HOW TO COMPLETE THIS TASK: Could you please reproduce the entries exactly, leaving out any pictures?
··· EXTRACTED RECORDS ···
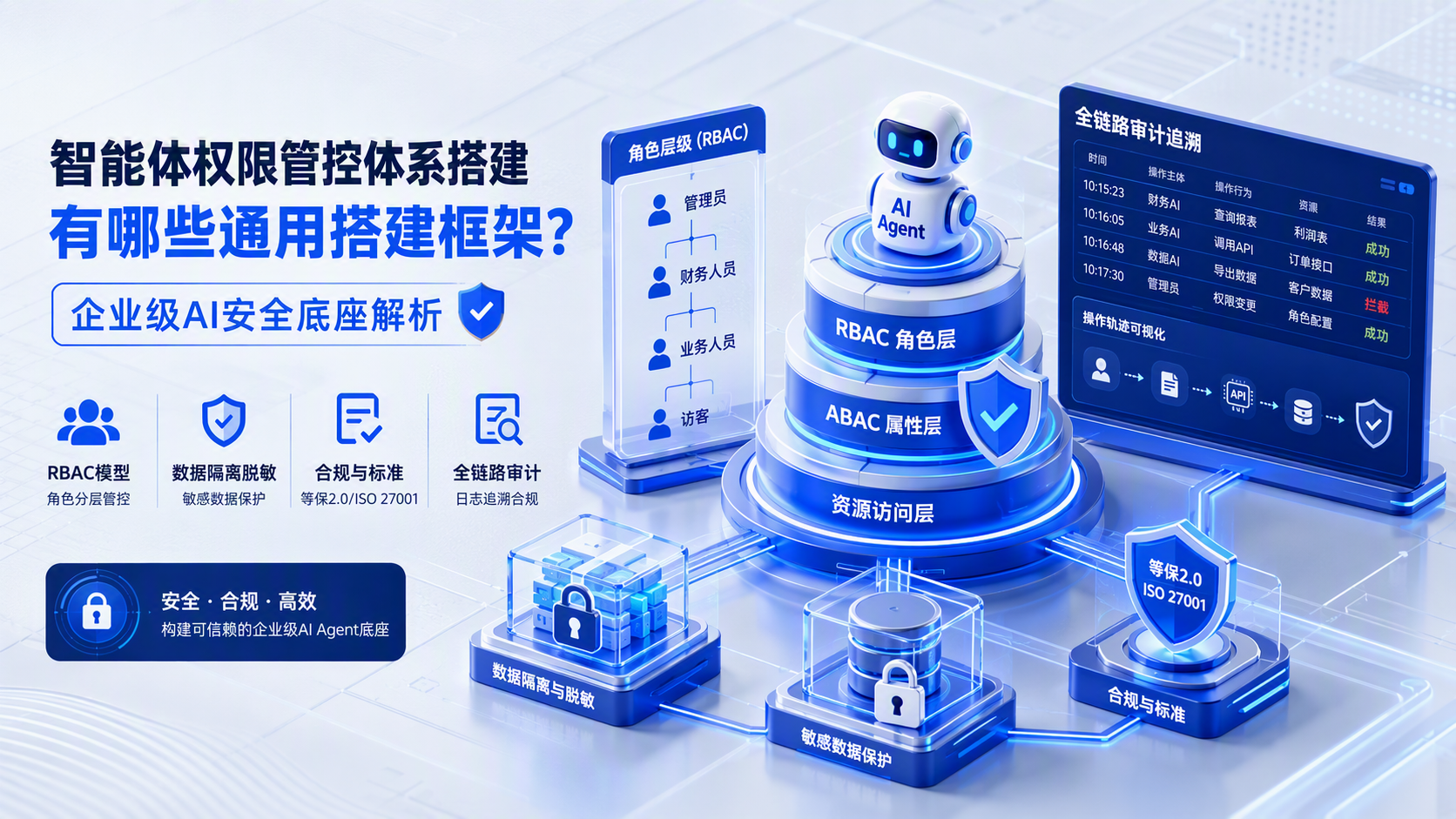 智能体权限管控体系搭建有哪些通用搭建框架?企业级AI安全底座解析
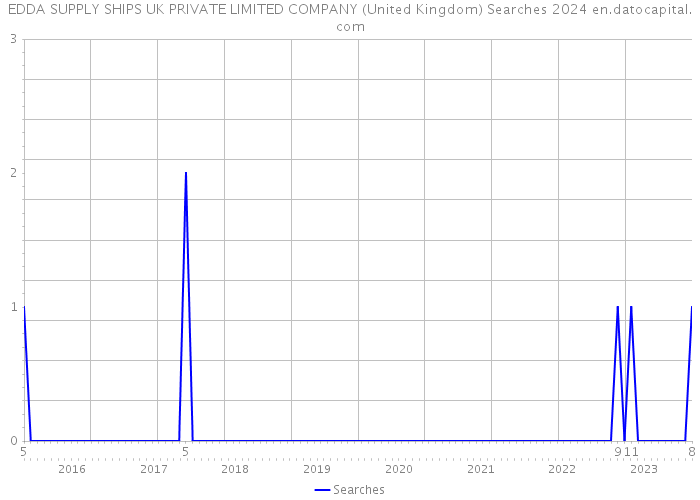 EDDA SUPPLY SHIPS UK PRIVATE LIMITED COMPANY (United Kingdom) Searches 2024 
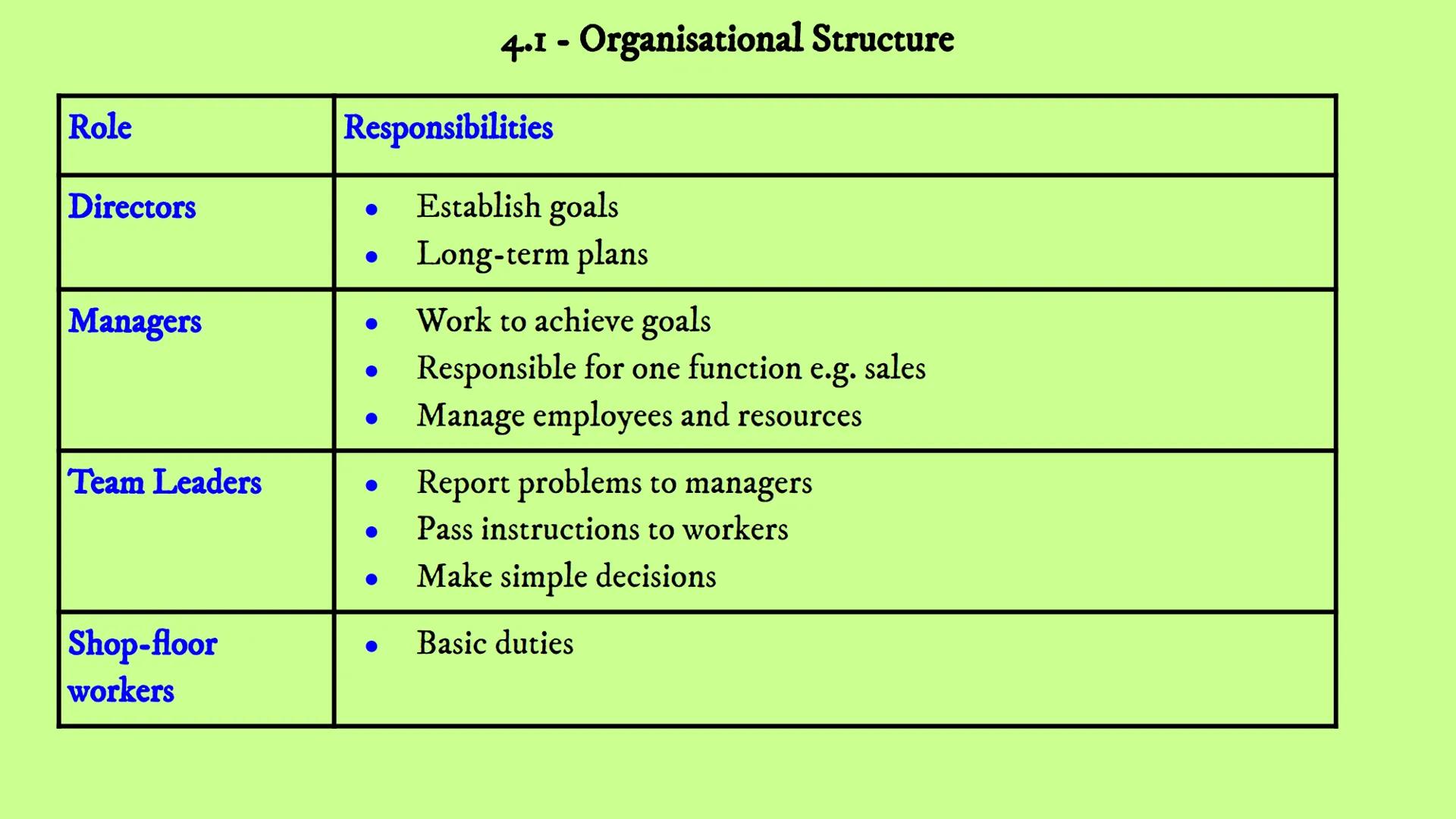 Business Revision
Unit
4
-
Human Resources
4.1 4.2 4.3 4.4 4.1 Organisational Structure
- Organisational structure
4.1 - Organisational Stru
···
TASK ANSWER:
 智能体权限管控体系搭建有哪些通用搭建框架?企业级AI安全底座解析
 EDDA SUPPLY SHIPS UK PRIVATE LIMITED COMPANY (United Kingdom) Searches 2024 
 Business Revision
Unit
4
-
Human Resources
4.1 4.2 4.3 4.4 4.1 Organisational Structure
- Organisational structure
4.1 - Organisational Stru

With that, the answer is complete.